At the high school level, she played volleyball at Citadel High in Halifax in Grade 11 and at Avon View in Grade 12.
She played in provincial tournaments from 2007 until 2014 and at the Canada Games in 2013.
“It’s been a big part of my life,” she said. “It’s a sport where you are on a team, but you all have your own individual roles. You look to your teammates for support, which is something that’s really special about it.”
Returning to the game she loves was special as well, she says.
“You kind of see yourself as an athlete, or as a volleyball player, and when you lose that you kind of have a bit of an identity crisis,” she said. “But it was really nice coming back to it and realizing how important it is and how big of an impact it’s had on my life as a whole.”
This was the first year she played left-side, a more defensive position, after playing right side for the majority of her career. It was an adjustment, but Smith said she was able to adapt.
“I definitely had to work on my defensive skill, which isn’t something I’ve always been super strong at,” she said. “It took some work, but I got there.”
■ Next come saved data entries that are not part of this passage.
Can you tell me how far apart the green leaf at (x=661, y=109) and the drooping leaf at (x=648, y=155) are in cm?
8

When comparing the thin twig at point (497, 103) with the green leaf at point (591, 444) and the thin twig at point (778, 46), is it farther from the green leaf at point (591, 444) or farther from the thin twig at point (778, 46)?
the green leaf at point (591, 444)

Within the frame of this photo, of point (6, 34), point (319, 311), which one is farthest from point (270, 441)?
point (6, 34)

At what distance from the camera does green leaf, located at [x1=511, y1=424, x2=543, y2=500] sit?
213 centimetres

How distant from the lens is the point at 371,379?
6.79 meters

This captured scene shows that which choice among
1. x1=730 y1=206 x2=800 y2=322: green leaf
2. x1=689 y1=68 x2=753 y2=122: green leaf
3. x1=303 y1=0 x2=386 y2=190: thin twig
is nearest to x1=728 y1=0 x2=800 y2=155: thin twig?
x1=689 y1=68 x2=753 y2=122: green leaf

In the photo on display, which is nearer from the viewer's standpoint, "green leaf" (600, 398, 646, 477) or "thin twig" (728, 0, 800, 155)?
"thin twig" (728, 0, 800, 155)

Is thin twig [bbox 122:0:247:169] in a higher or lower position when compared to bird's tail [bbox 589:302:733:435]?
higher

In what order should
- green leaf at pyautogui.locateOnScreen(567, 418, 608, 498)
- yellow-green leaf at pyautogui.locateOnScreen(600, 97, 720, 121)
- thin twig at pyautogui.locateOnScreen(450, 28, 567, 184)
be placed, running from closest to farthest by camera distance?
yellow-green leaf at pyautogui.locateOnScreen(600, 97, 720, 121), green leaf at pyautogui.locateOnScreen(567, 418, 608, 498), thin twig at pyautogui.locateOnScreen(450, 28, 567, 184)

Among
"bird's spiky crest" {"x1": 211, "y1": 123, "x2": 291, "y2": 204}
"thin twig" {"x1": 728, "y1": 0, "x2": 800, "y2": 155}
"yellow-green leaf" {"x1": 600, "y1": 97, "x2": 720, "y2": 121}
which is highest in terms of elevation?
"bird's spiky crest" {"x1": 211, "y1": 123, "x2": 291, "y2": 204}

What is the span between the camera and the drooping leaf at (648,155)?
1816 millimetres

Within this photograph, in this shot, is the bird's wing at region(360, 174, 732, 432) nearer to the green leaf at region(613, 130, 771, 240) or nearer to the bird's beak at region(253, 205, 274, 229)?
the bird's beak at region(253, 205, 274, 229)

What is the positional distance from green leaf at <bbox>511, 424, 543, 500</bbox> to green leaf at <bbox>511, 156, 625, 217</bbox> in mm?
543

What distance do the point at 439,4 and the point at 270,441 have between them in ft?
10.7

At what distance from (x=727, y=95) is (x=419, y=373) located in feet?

Smith said the sport has led to many experiences she never would have had otherwise – creating close bonds with her teammates, traveling for competition, and more.
“Ultimately, I think that sport, as a collective, makes you a better person,” she said. “You learn to work with teams, learn the benefit of a good work ethic, all of these things that are important later on in life, you’re learning in a fun way.”
Hoping for Smith to return
Derrick Brooks, women’s volleyball head coach, said he’s not sure if Smith will come back next year, but definitely hopes she will do so.
“She comes from two athletic parents, so she’s very athletic,” Brooks said. “A strong, offensive player for sure.”
The coach said they’ve worked hard on improving Smith’s defence and passing this year, which he said has made a big difference.
“Overall, I think she was one of the strongest players on the team for sure,” he said.
Although Smith hasn’t confirmed whether or not she’ll be returning to the Mystics, Brooks said if she does, it could help the team medal at the next national championship.
Smith earning the All-Canadian award was also a huge moment for the team, he said.
“She’s strong-willed, she wants to win,” he said. “She took on a lot this year. She’s working and playing volleyball and going to school, so she can do three things at once I guess.
“I think that’s an amazing feat in itself, I couldn’t do it,” he added.